- [Data under study]:
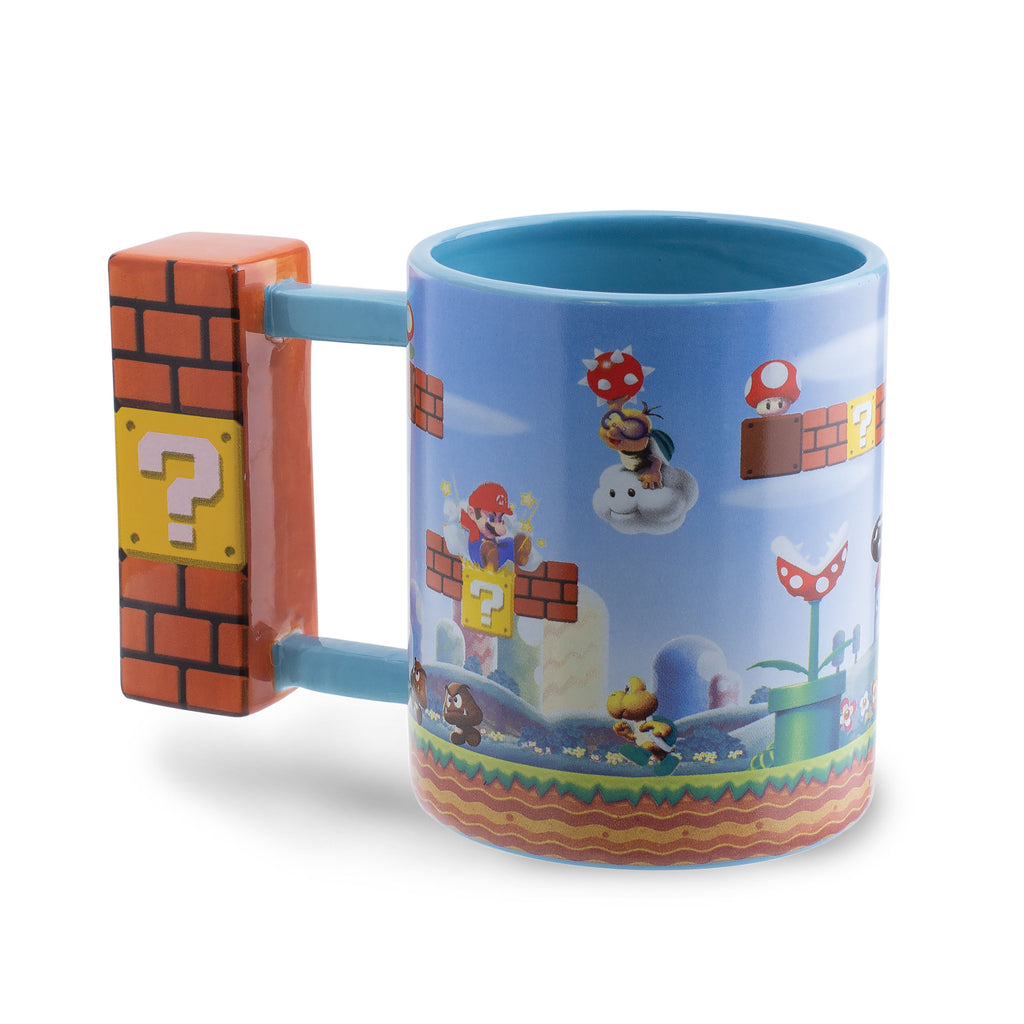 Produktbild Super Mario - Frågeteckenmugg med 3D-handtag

...

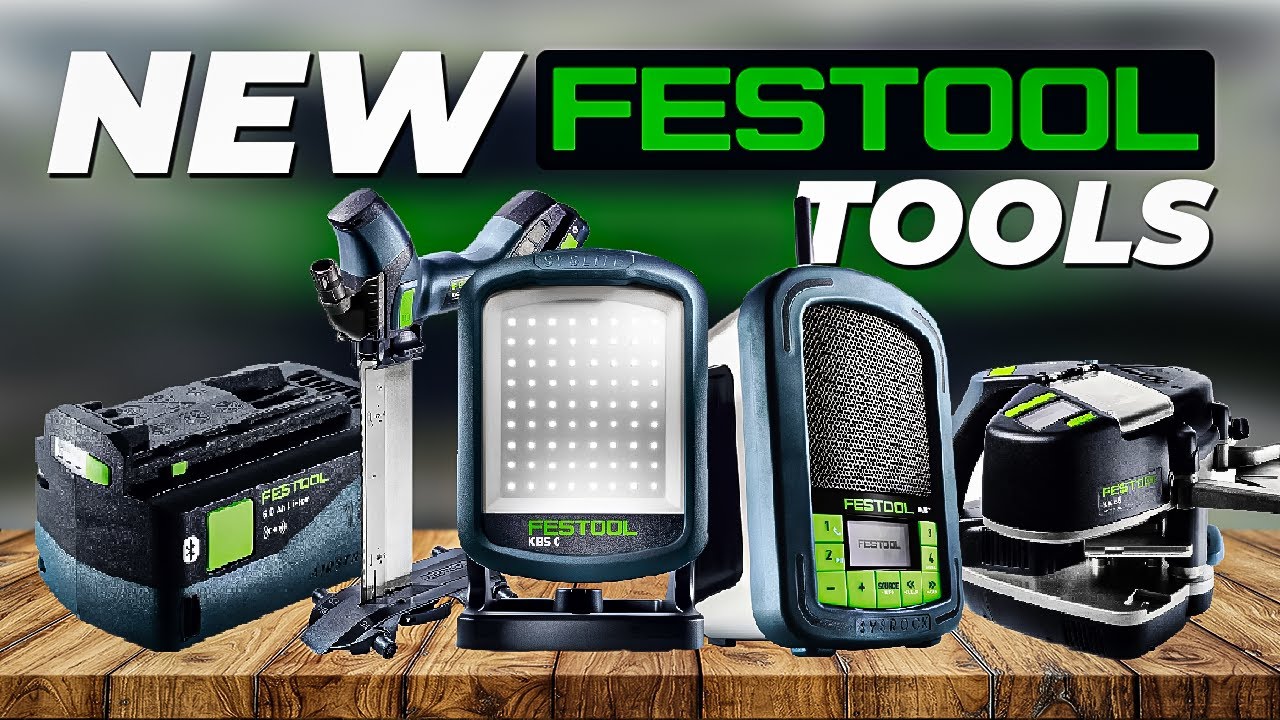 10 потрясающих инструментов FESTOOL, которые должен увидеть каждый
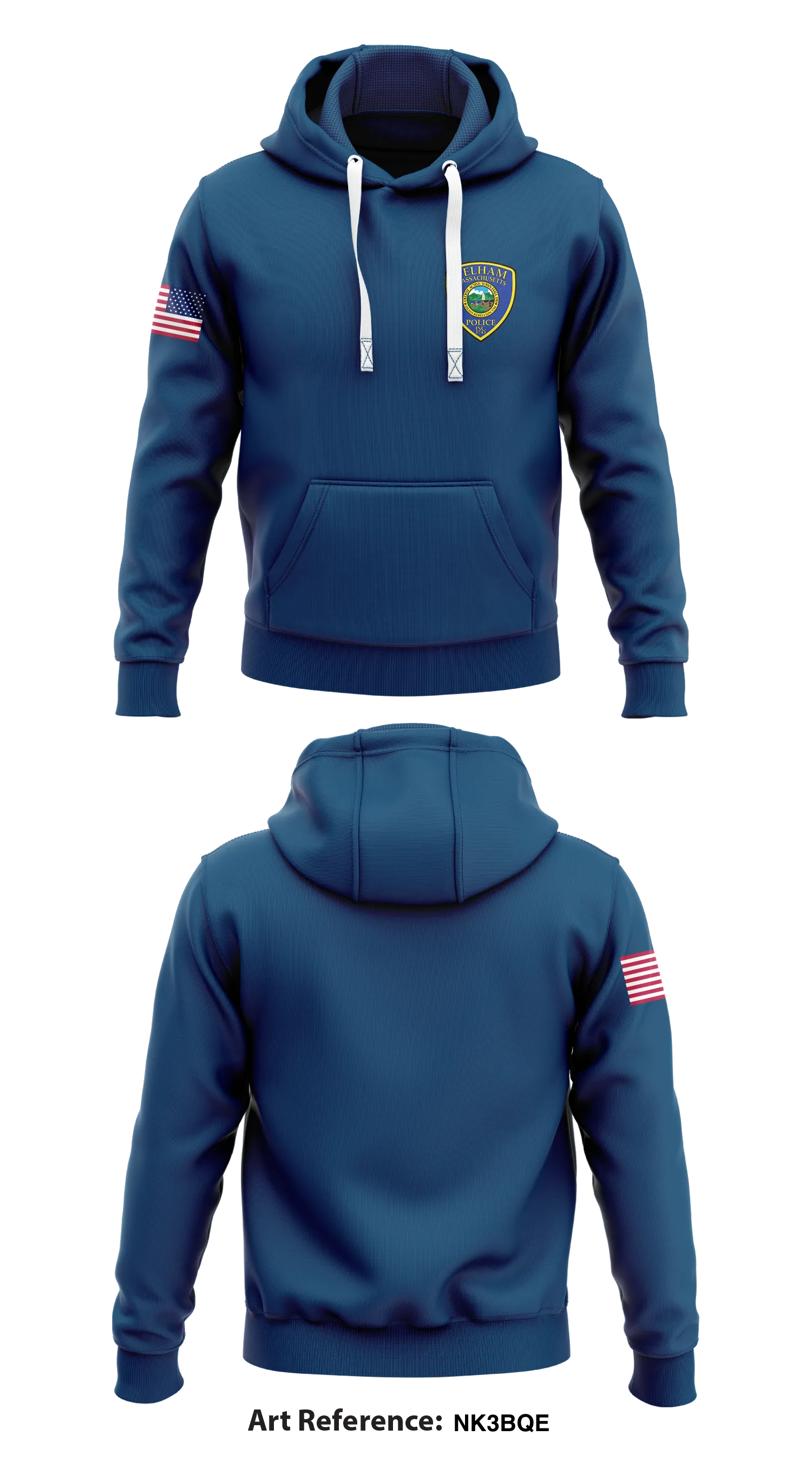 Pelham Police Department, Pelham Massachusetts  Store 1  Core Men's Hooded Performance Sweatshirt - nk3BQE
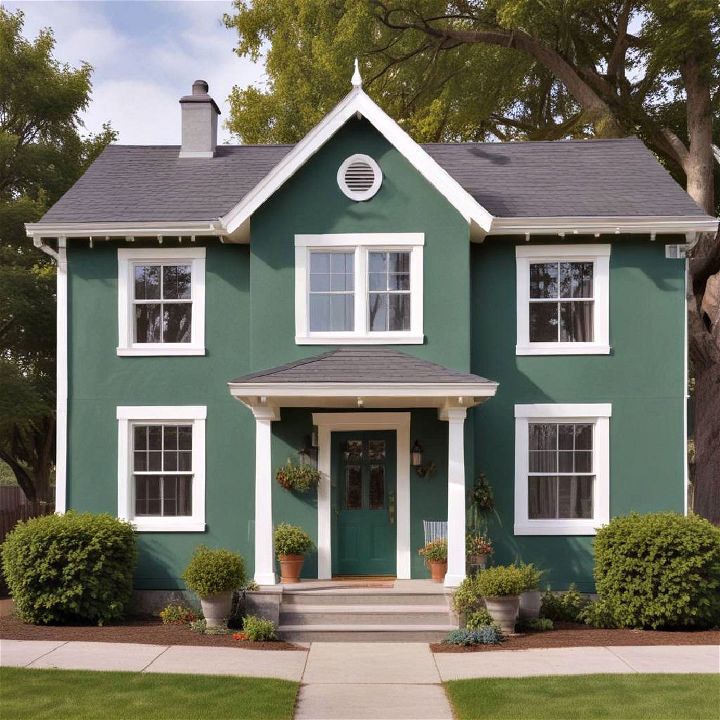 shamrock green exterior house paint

- [Your task]:
Nothing but the lines above from the one that has "Pelham Police Department, Pelham" down to the one that has "shamrock green exterior house paint" belongs in the answer, copied exactly, without pictures.

- [Task response]:
 Pelham Police Department, Pelham Massachusetts  Store 1  Core Men's Hooded Performance Sweatshirt - nk3BQE
 shamrock green exterior house paint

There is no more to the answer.